Czeski rząd rozważa podwyższenie ujednoliconej stawki podatku VAT do 19, a nie 17,5 procent jak planowano do tej pory - twierdzi dziennik "Lidove Noviny". gazeta powołuje się na premiera Petra Neczasa oraz ministra finansów Miroslava Kalouska.

"Ten scenariusz bierzemy pod uwagę, jeśli pogłębi się kryzys zadłużeniowy strefy euro, a nam - ze względu na zahamowanie europejskiej gospodarki - nie uda się obniżyć deficytu w finansach publicznych tak, jak planowaliśmy" - powiedział cytowany przez dziennik czeski premier.

Centroprawicowy rząd Neczasa w tym roku chce utrzymać deficyt budżetowy na poziomie 4,2 proc.

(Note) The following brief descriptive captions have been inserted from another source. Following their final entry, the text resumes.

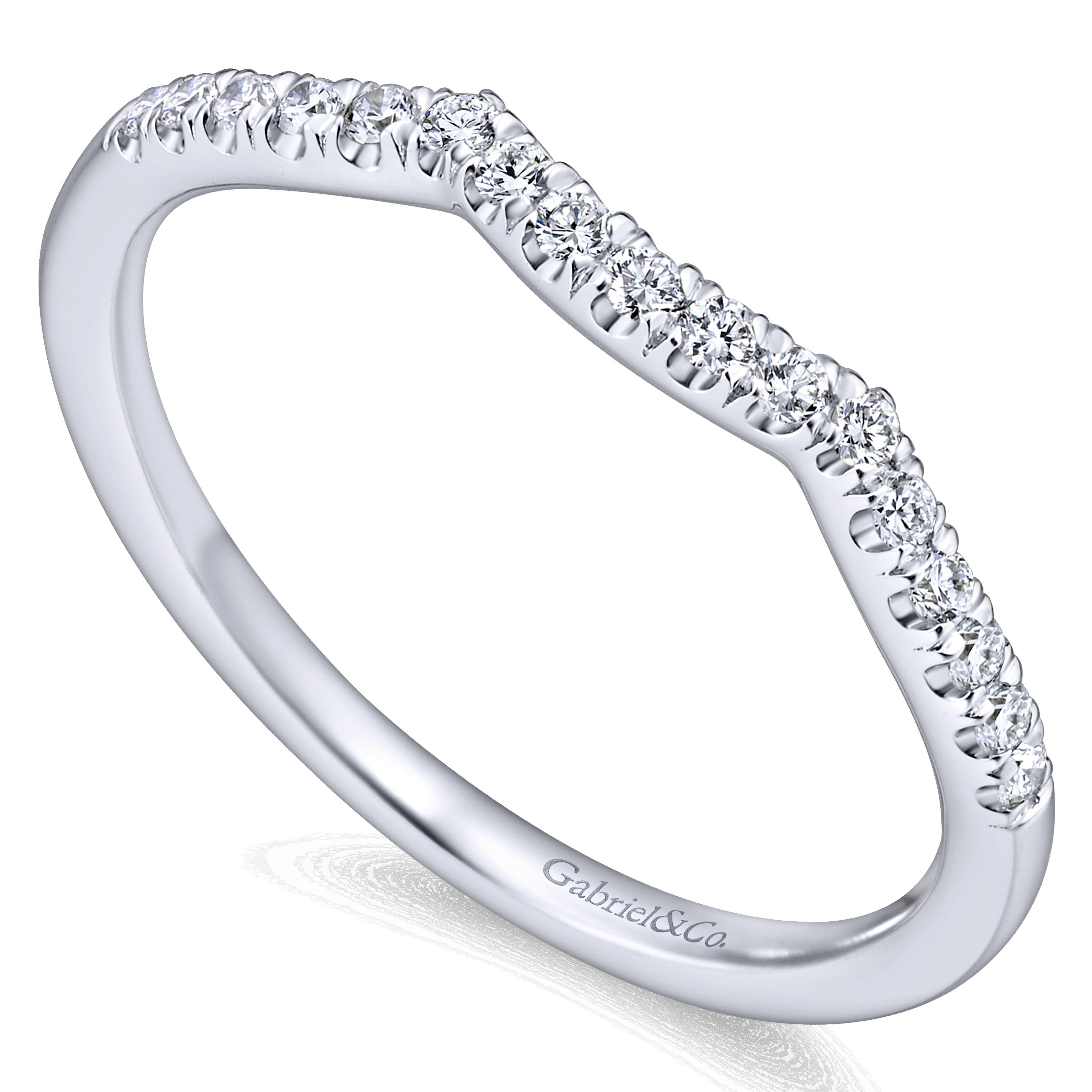 Matching Wedding Band in 14K White Gold, photograph 3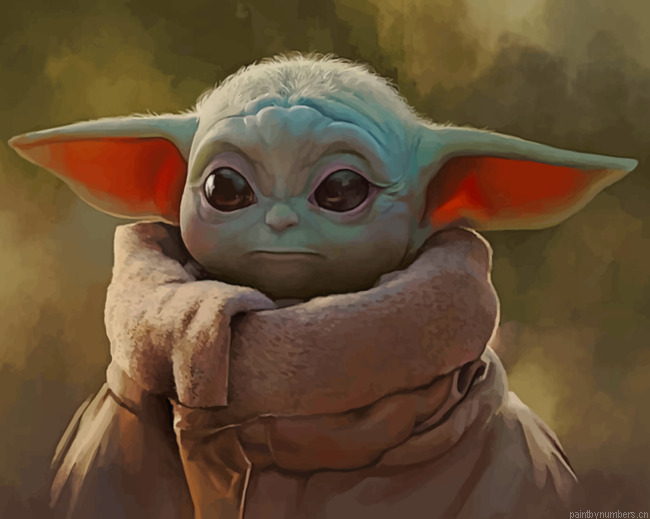 Star Wars Baby Yoda Movies Painting By Numberss.png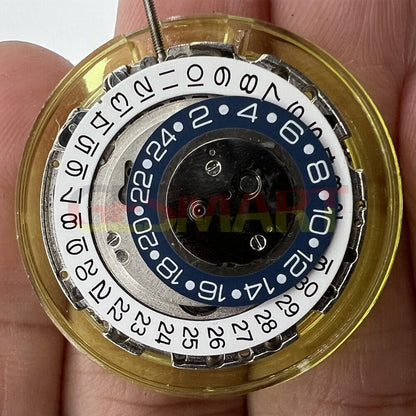 DG2813 automatic mechanical watch movement with silver 3 hands and 24-hour display window for watch accessories.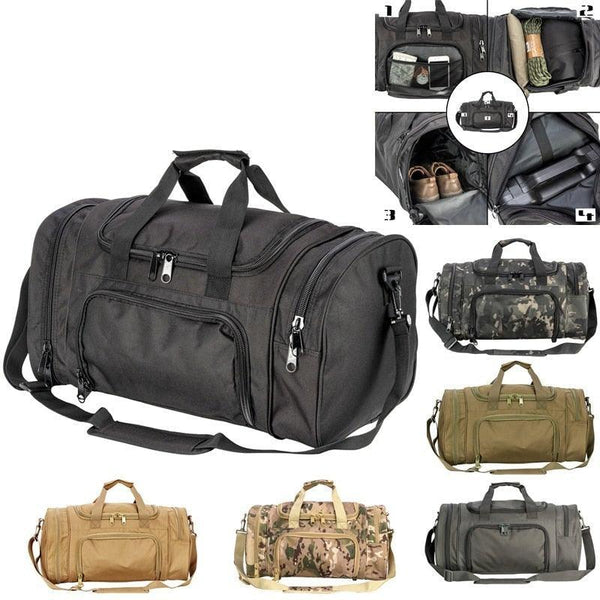 Bolsa Tática Resistente e Impermeável 75L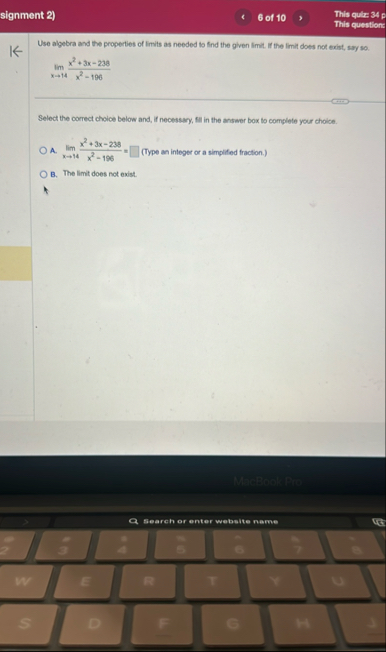 signment 2 ) 6 of 1 0 This quts 3 4 p This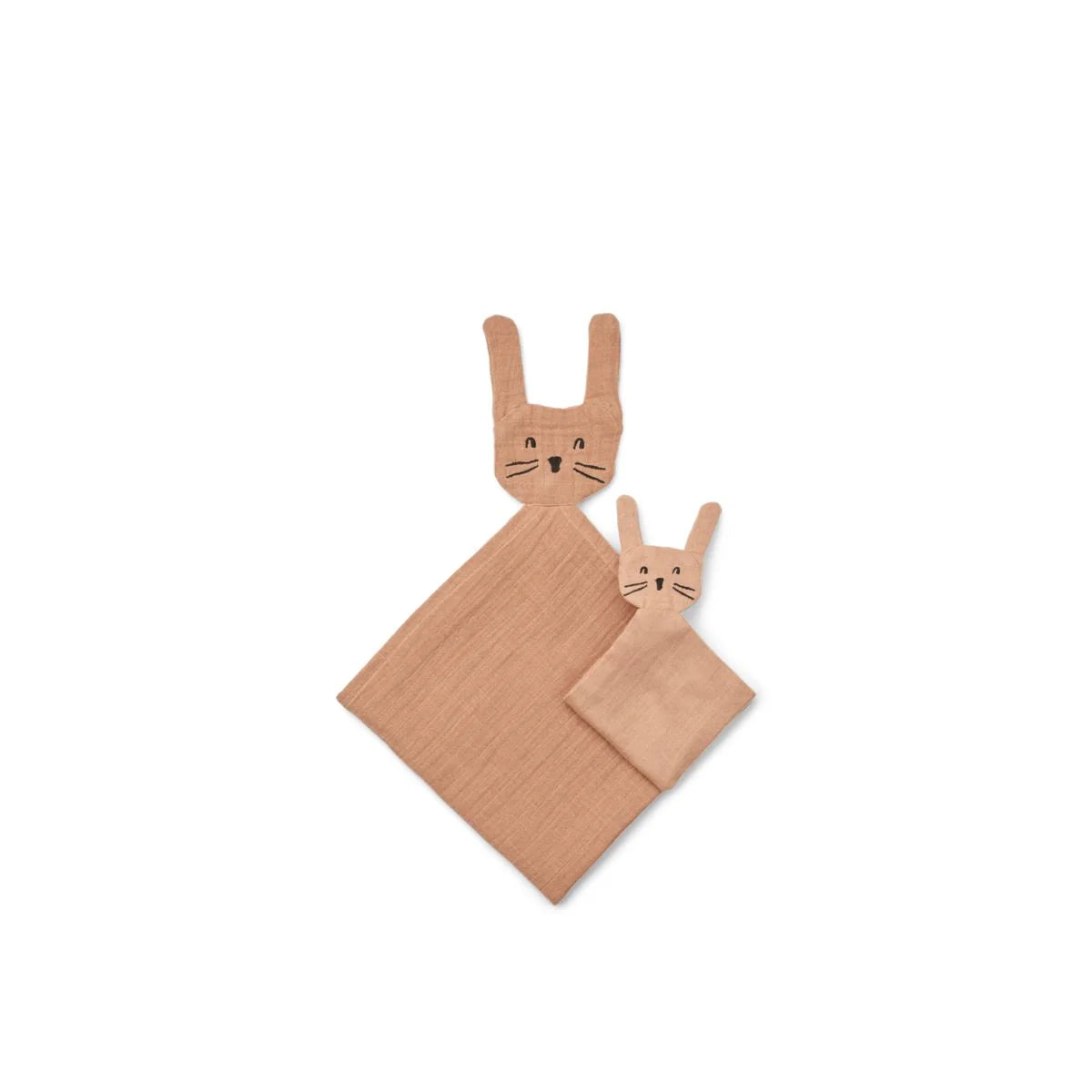 Ensemble de doudous Alya Rabbit - Pale tuscany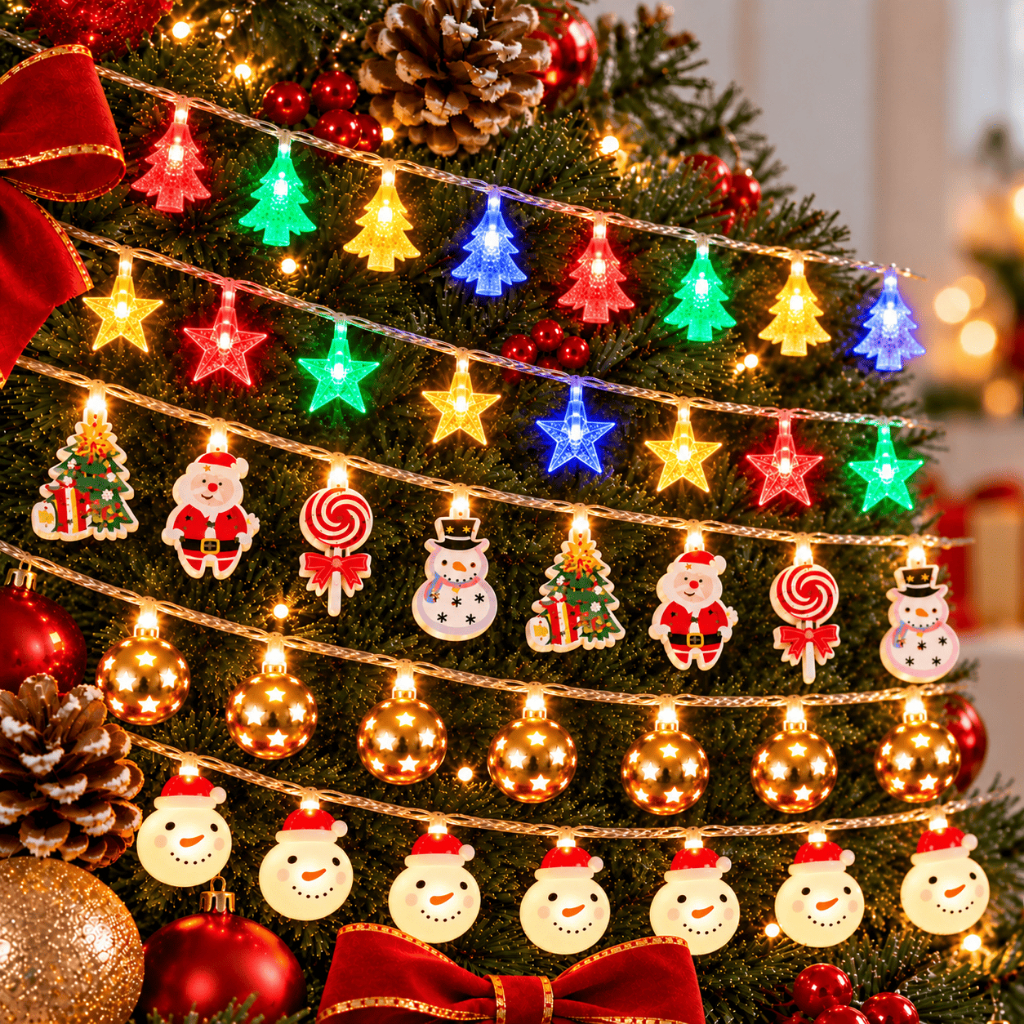 Cordões Decorativo de Natal Decoração Cordão Dourado Para Arvore de Natal 2 metros Enfeites Natalinos Bolas Natalinas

PKB. W przyszłym roku chciałby go obniżyć do 3,5 proc. PKB.

"Opowiadałbym się więc za podwyższeniem podatków pośrednich, takich jak VAT, do 19 proc., abyśmy w ten sposób mogli uspokoić inwestorów i pokazać, że potrafimy utrzymać finanse publiczne pod kontrolą" - dodał Neczas.

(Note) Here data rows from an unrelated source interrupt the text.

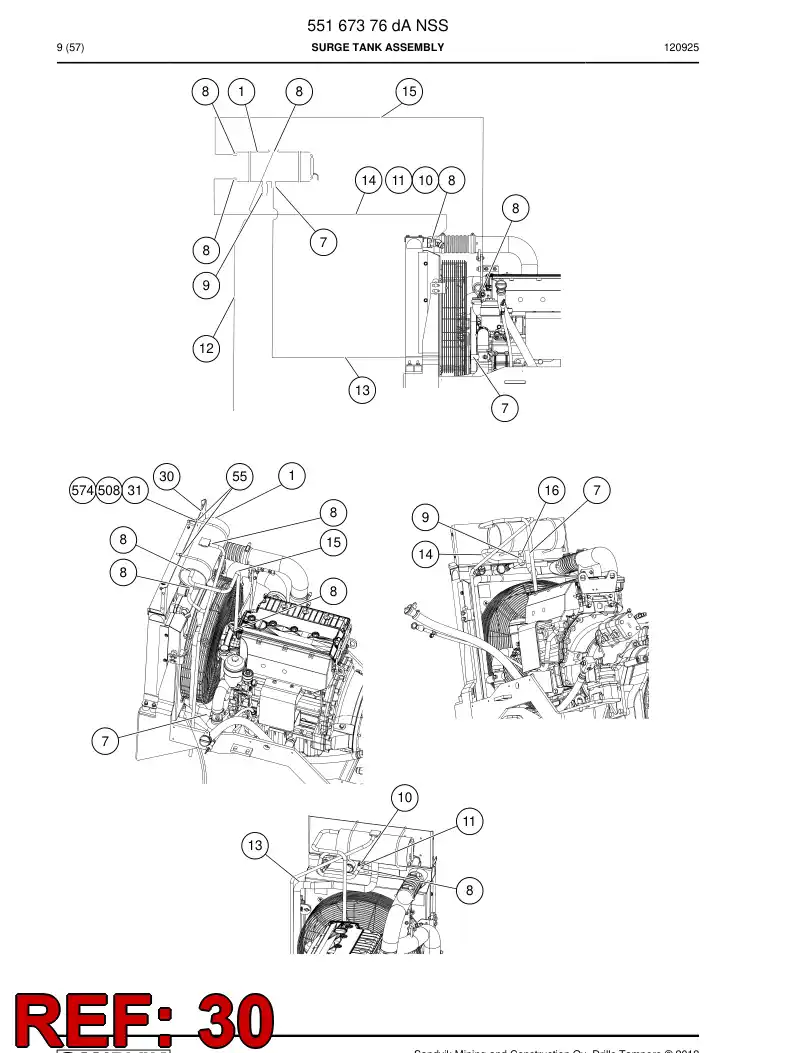 55085945b 550 859 45b Bracket - Sandvik Technical Drawing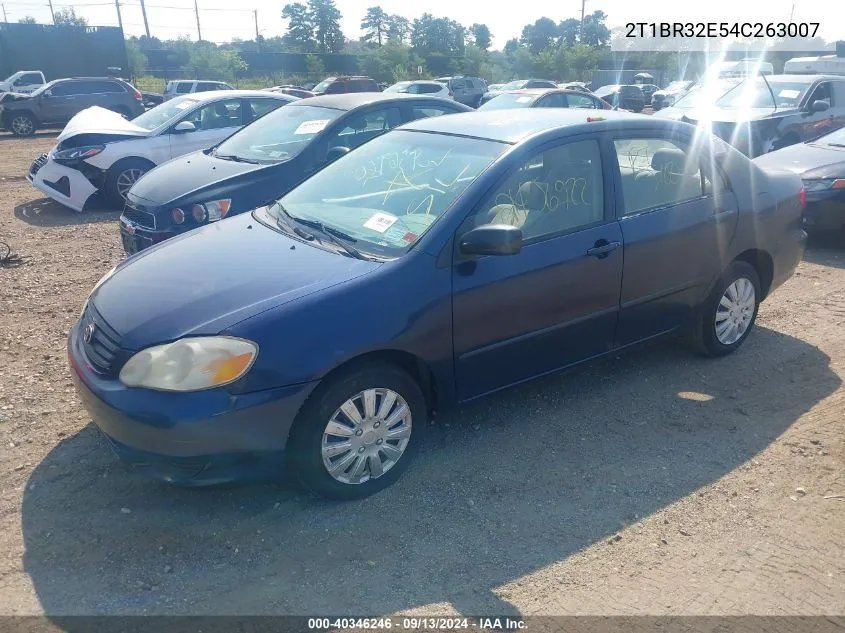 2004 Toyota Corolla Ce VIN: 2T1BR32E54C263007 Lot: 40346246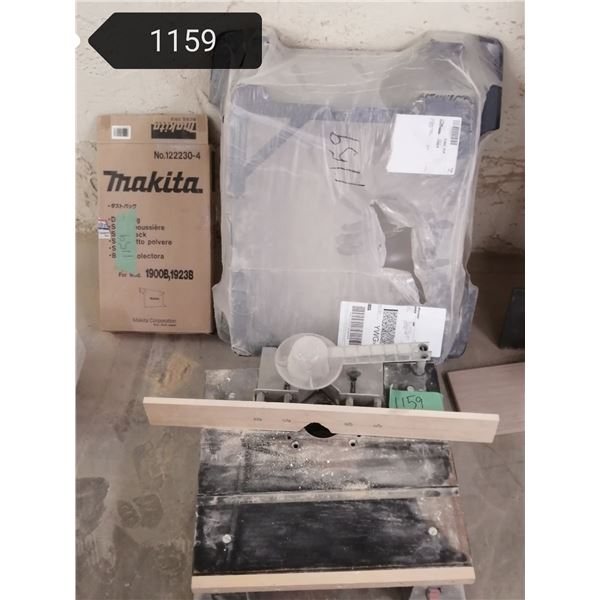 Small  table for router, new Bosch portable table saw shell & Makita blade guard
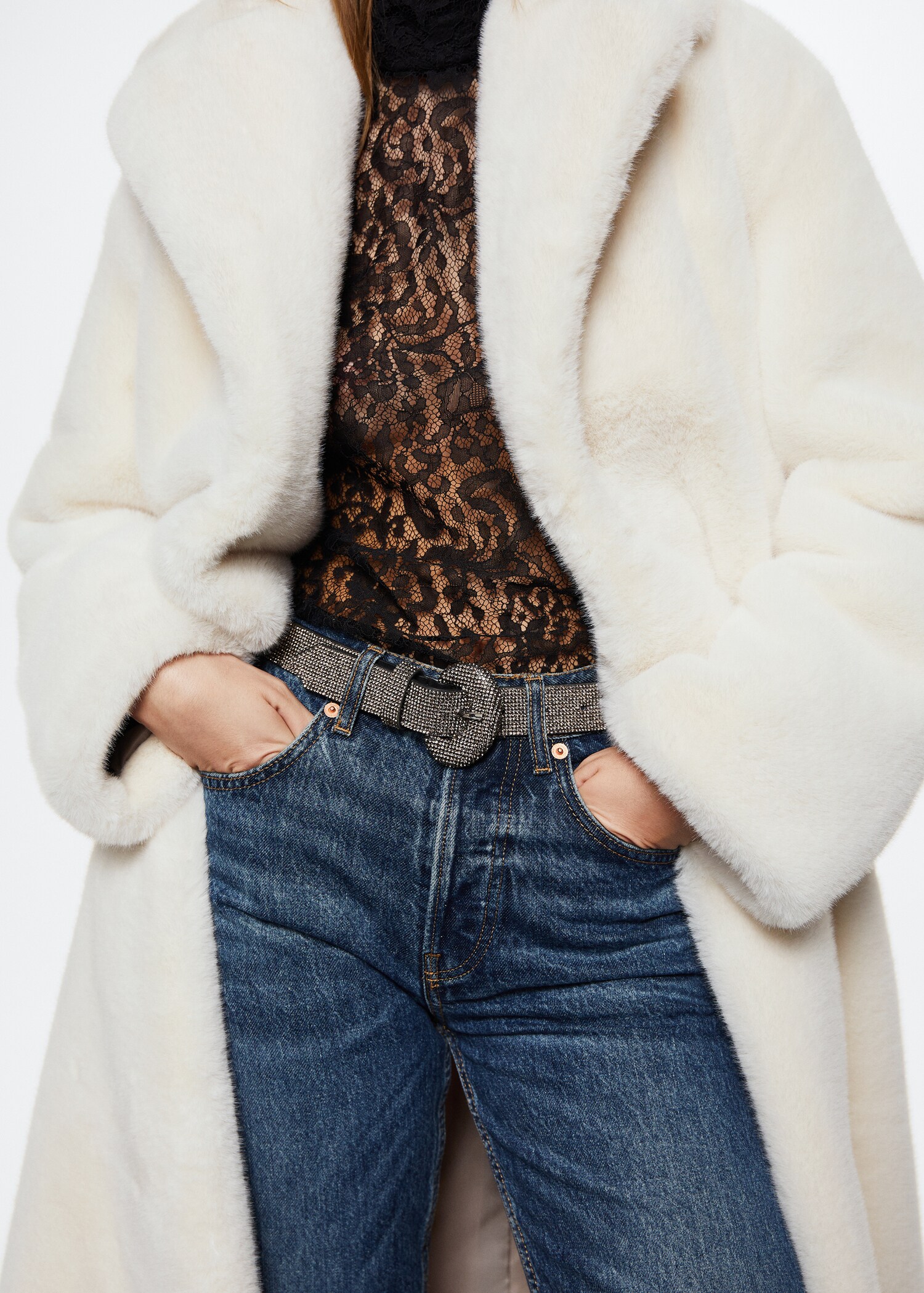 Manteau oversize en fausse fourrure - Détail de l'article 6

Minister Kalousek dodaje, że gdyby doszło do jakichkolwiek turbulencji na rynkach, będzie trzeba ustabilizować budżet państwa. "I to oczywiste, że opodatkowanie konsumpcji jest dla konkurencyjności wyraźnie mniej szkodliwe niż podwyższanie podatków bezpośrednich" - powiedział "Lidovym Novinom" Kalousek.

Zmiany podatkowe mają pomóc w sfinansowaniu reformy systemu emerytalnego. W pierwszym tygodniu czerwca wstępnie zatwierdziła je niższa izba parlamentu, Izba Poselska.